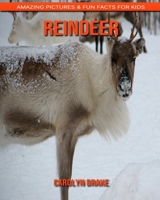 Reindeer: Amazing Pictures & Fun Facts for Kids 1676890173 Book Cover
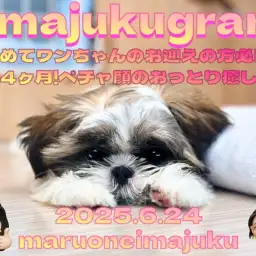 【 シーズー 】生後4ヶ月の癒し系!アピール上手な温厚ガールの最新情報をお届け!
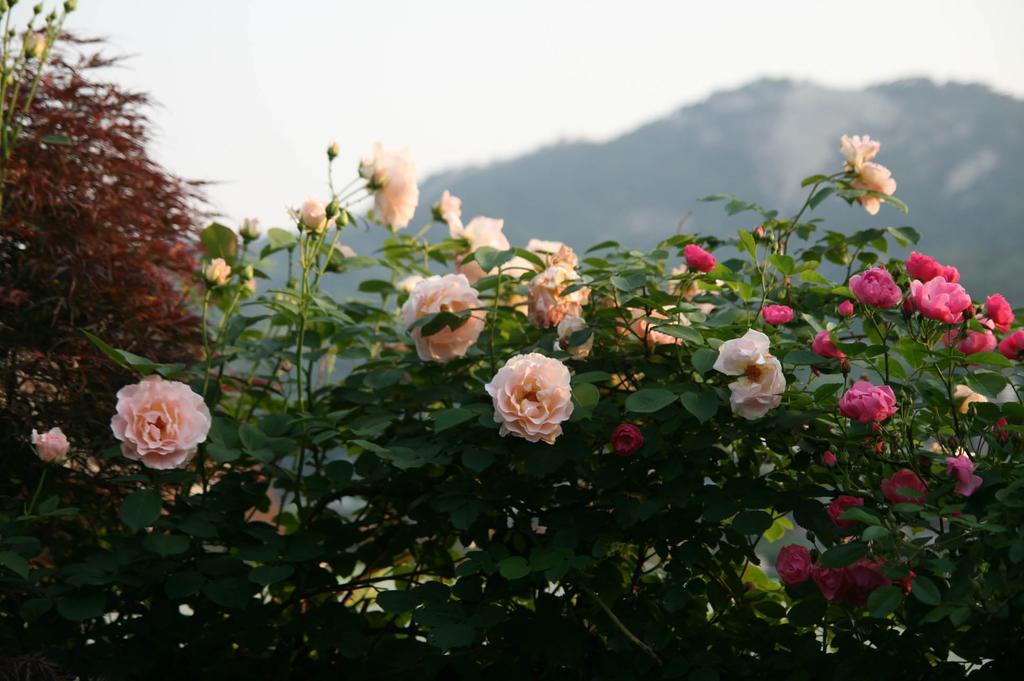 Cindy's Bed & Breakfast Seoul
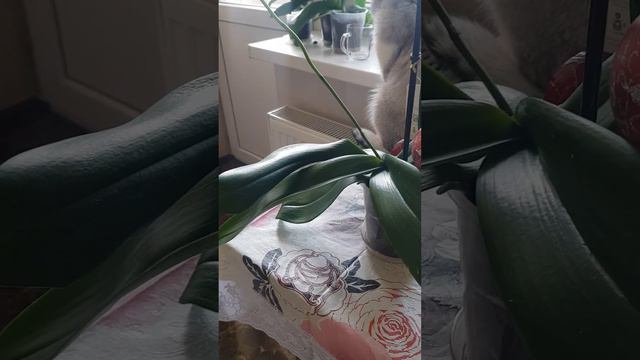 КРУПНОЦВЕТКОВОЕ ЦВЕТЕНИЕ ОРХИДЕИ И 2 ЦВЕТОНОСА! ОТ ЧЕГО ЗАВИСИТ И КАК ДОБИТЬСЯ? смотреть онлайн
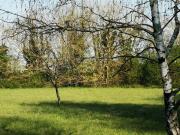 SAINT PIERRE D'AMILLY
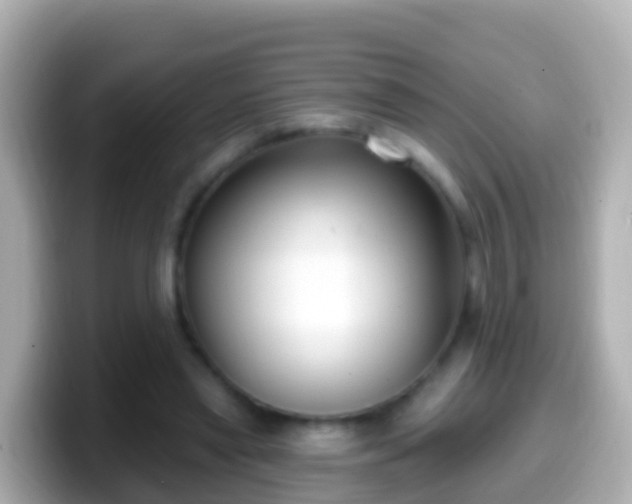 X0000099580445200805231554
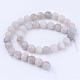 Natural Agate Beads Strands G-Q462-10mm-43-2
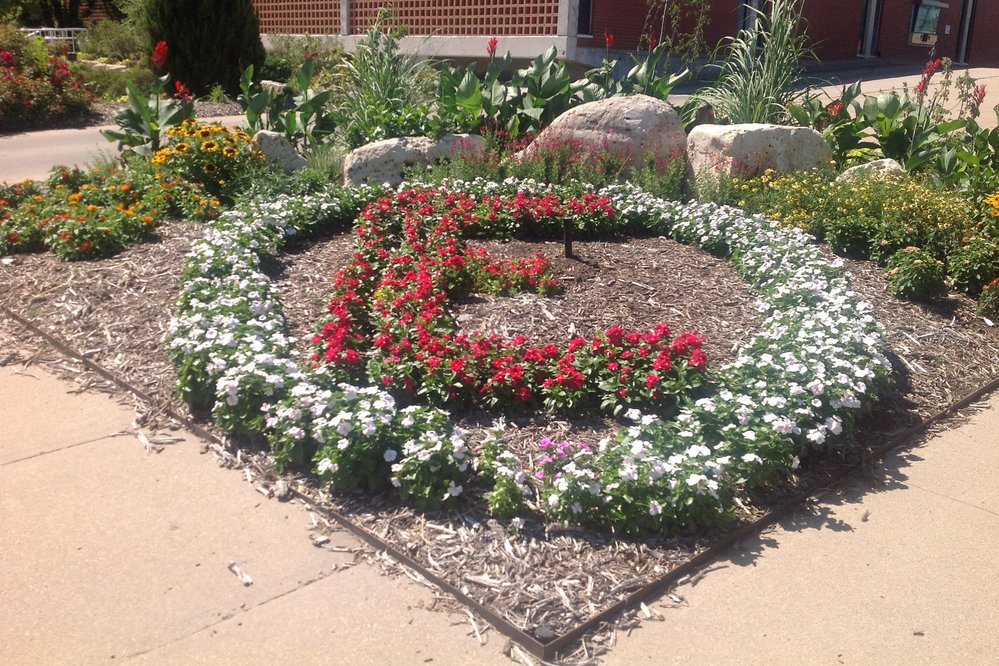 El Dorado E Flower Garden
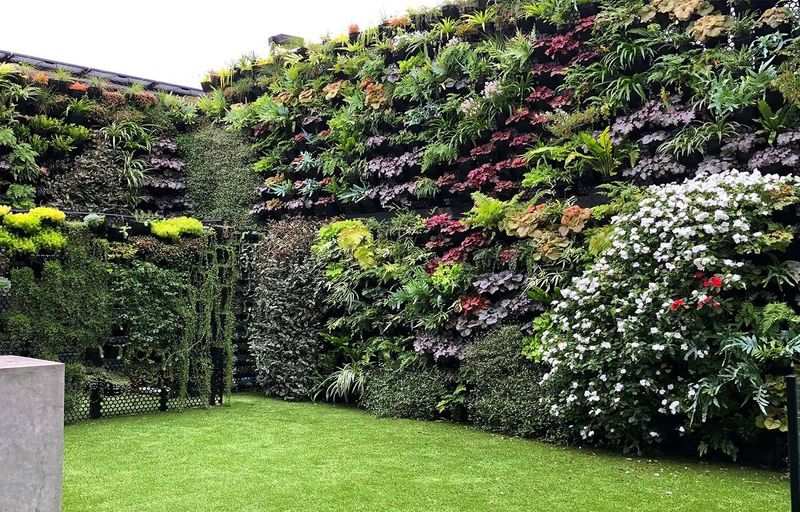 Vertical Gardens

= = =

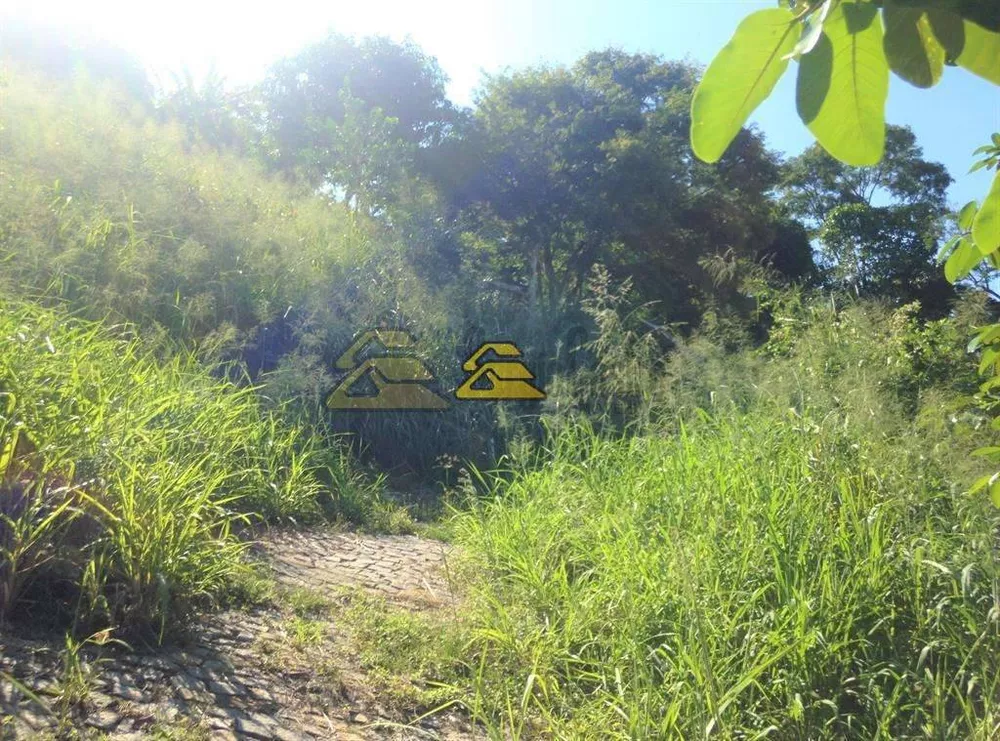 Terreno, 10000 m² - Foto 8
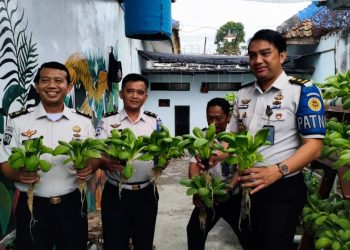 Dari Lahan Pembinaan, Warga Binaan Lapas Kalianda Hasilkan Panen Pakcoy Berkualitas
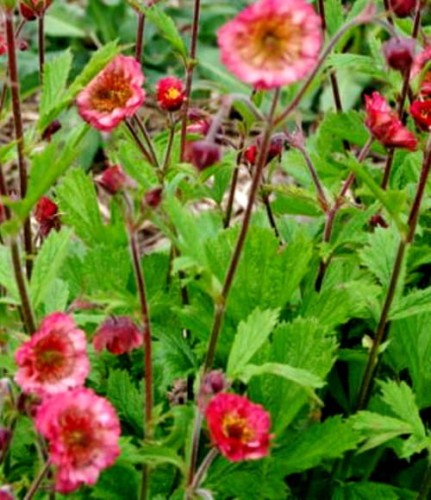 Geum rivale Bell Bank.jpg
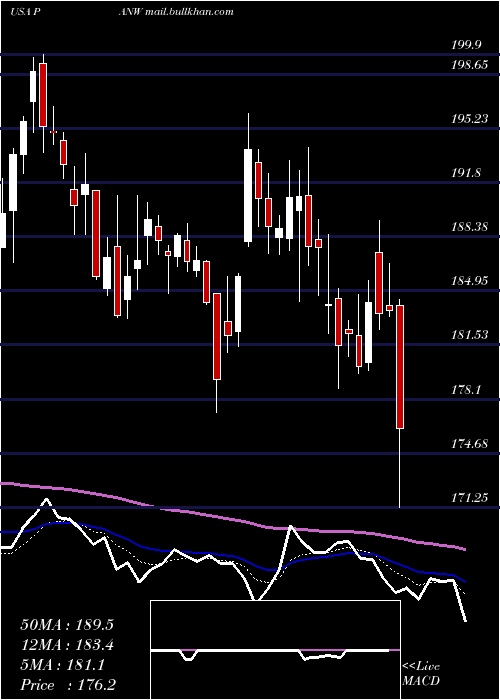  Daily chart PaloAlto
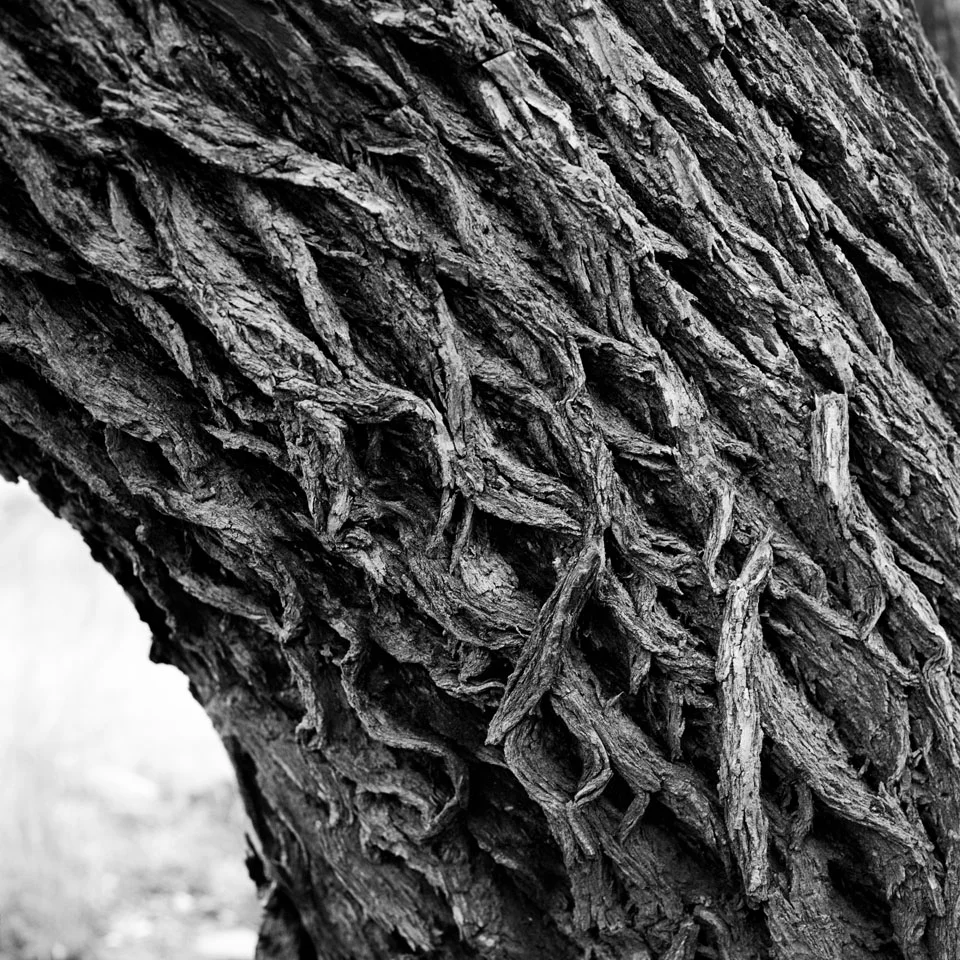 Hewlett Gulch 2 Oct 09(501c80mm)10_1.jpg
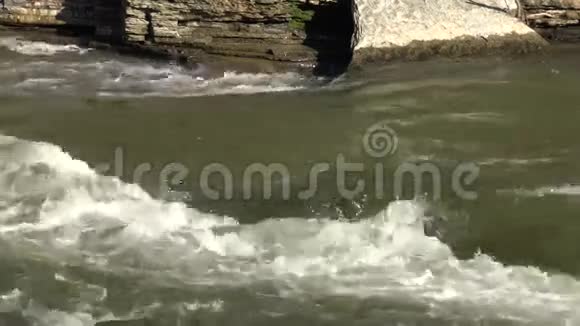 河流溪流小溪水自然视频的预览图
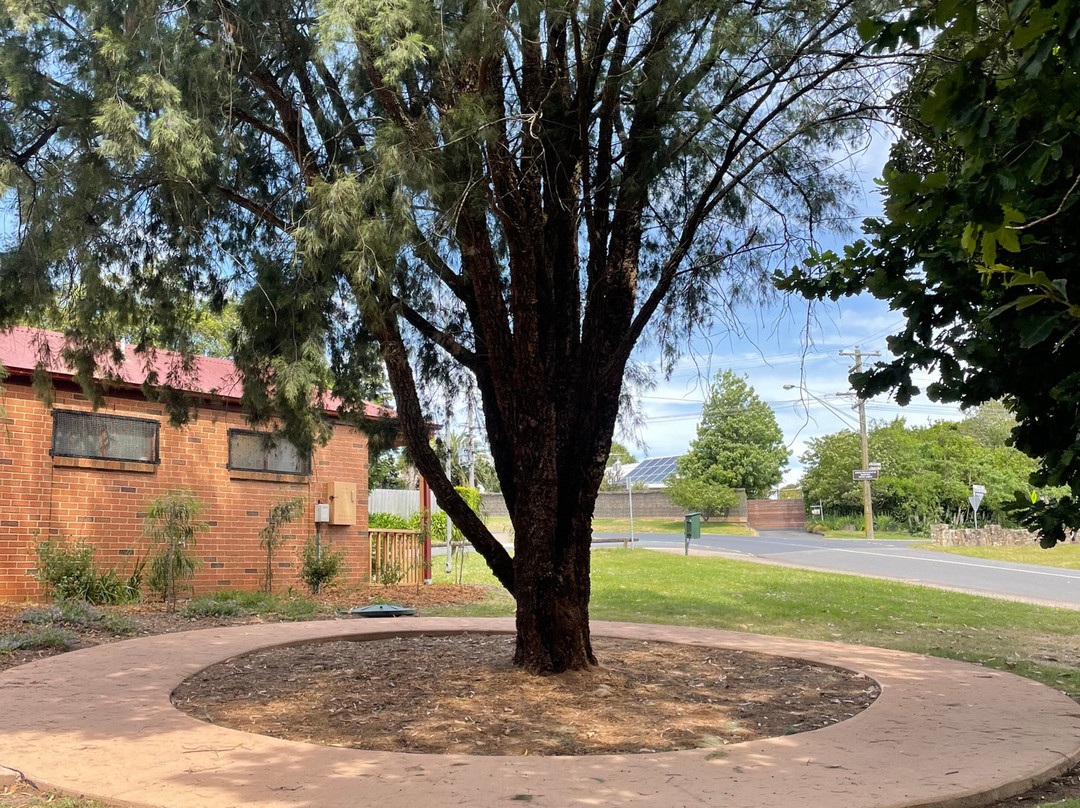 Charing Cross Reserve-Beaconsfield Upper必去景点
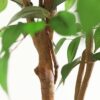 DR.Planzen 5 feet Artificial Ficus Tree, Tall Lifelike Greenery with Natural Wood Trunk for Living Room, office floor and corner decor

= = =

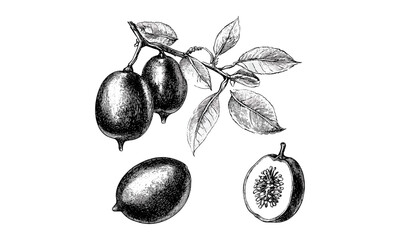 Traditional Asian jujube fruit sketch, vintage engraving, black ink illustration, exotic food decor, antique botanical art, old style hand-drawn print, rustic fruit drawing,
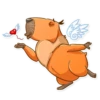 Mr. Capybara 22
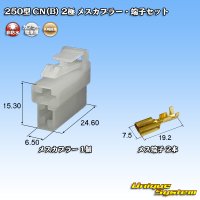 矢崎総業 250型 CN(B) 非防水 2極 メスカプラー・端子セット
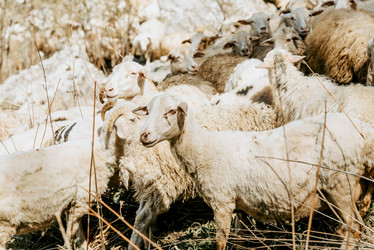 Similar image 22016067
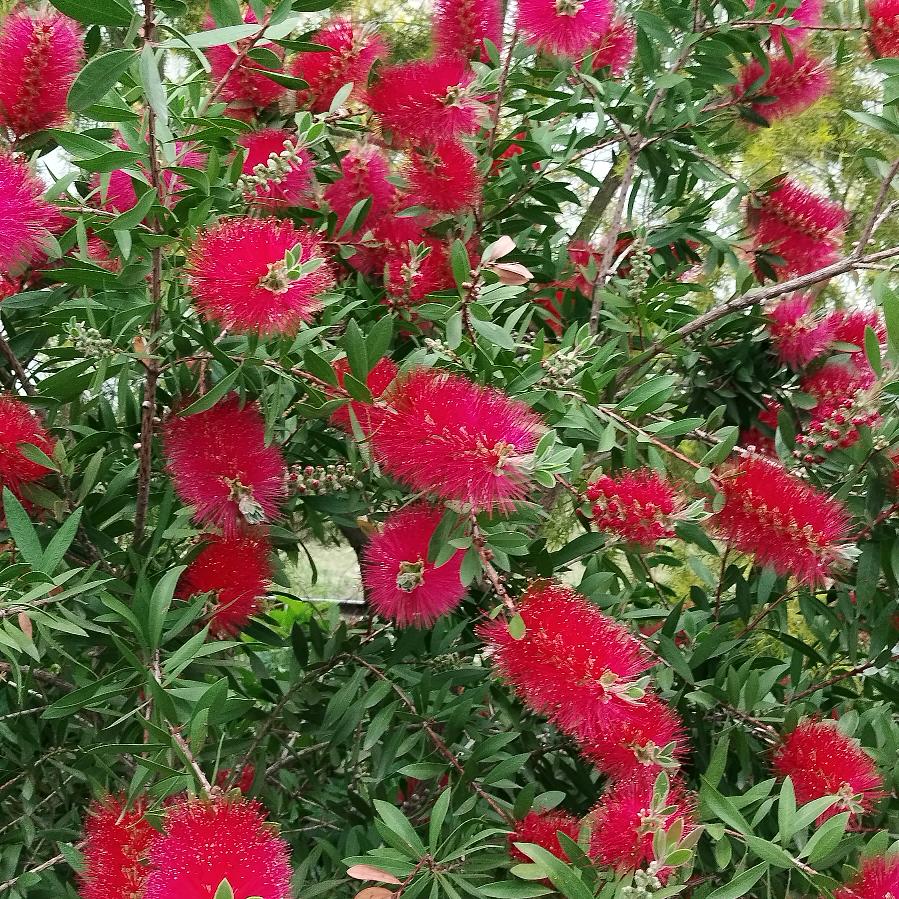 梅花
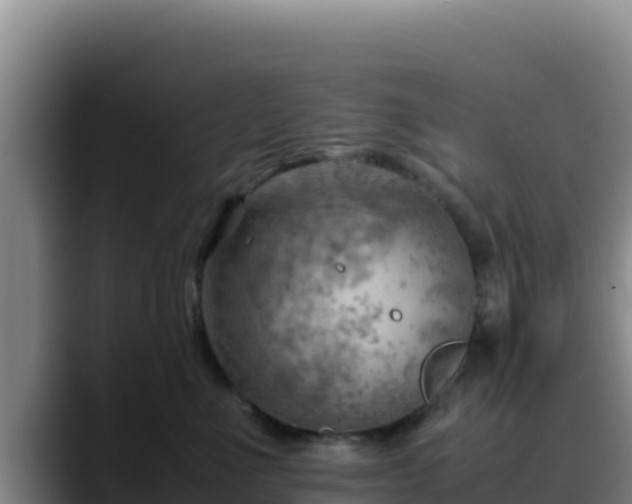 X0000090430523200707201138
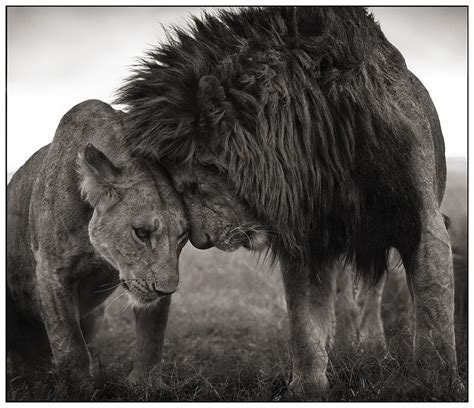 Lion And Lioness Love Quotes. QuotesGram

= = =

*WHAT YOU HAVE TO DO:* The response must repeat exactly the lines above from the one with "Dari Lahan Pembinaan, Warga" through the one with "DR.Planzen 5 feet", including both, and must contain no pictures and no other text.

*COMPLETED EXERCISE:*
 Dari Lahan Pembinaan, Warga Binaan Lapas Kalianda Hasilkan Panen Pakcoy Berkualitas
 Geum rivale Bell Bank.jpg
  Daily chart PaloAlto
 Hewlett Gulch 2 Oct 09(501c80mm)10_1.jpg
 河流溪流小溪水自然视频的预览图
 Charing Cross Reserve-Beaconsfield Upper必去景点
 DR.Planzen 5 feet Artificial Ficus Tree, Tall Lifelike Greenery with Natural Wood Trunk for Living Room, office floor and corner decor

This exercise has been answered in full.